Ureterotomi anteromedial dibuat dalam ureter penerima, yang kemudian diteruskan ke ujung
ureter donor spatulated dengan cara bebas ketegangan dan kedap air dengan menggunakan
jahitan yang disela atau yang mudah diserap. Stent ureter ganda J biasanya dilewatkan dari
panggul ginjal donor, melalui anastomosis dan masuk ke kandung kemih. Stent ureter kedua juga
dapat ditempatkan sepanjang ureter penerima jika ureter ditemukan berdiameter cukup besar.

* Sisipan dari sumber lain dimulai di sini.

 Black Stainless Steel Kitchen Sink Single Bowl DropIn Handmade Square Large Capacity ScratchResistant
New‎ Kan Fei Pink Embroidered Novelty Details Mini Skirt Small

Transureteroureterostomi Laparoskopik
Laparoskopi TUU jarang dilakukan dan telah dilaporkan pada tiga pasien anak-anak baru-baru
ini.Prosedur laparoskopi transperitoneal dilengkapi dengan pasien dalam posisi terlentang,
Trendelenburg. Prinsip umum diseksi ureter donor dan penerima, donor ligasi ureter dan
transposisi di bawah mesenterium rektosigmoid, ureterotomi longitudinal pada aspek medial
ureter penerima, dan anastomosis endto-side secara bebas ketegangan dan air sama dengan yang
terjadi. dijelaskan untuk operasi terbuka.

Autotransplatasi
Umumnya, autotransplant dipertimbangkan saat ginjal kontralateral tidak ada atau
berfungsi buruk atau bila metode pengganti atau perbaikan ureter lainnya tidak layak dilakukan.

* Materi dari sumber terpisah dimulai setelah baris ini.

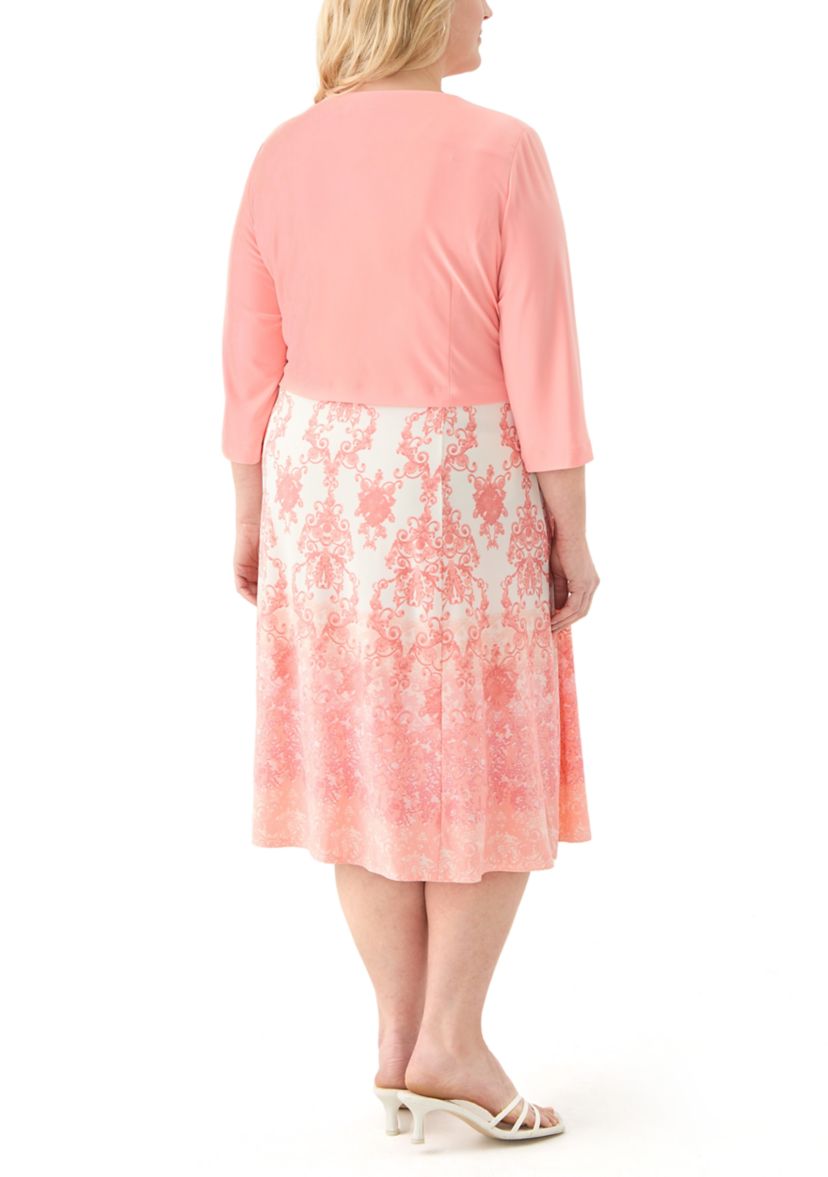 Plus Size 3/4 Sleeve Crew Neck Chandelier Print Jacket Dress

Ginjal dipanen dengan panjang pembuluh maksimal seperti pada nefrektomi donor hidup khas
untuk allotransplantasi, dan pembuluh darah anastomosis ke pembuluh iliaka untuk membangun
kembali perfusi ginjal. Segmen yang sehat dari ureter proksimal adalah anastomosed ke kandung
kemih. Sebagai alternatif, pelvis ginjal ipsilateral dapat di anastomosis langsung ke kandung
kemih.
Baru-baru ini, laparoskopi telah berhasil digabungkan dalam autotransplantasi untuk
kehilangan ureter parah. Penggunaan laparoskopi dalam autotransplantasi telah terbukti
mengurangi kebutuhan analgesik postoperatif dan pemulihan lebih cepat karena sayatan
abdomen atau sayap atas terbuka untuk panen ginjal dihindari. Nefrektomi Laparoskopi dalam
autotransplantasi paling sering dilakukan secara transperitoneal. Namun, pendekatan
retroperitoneal untuk tujuan tersebut telah berhasil diterapkan oleh Gill dan rekan.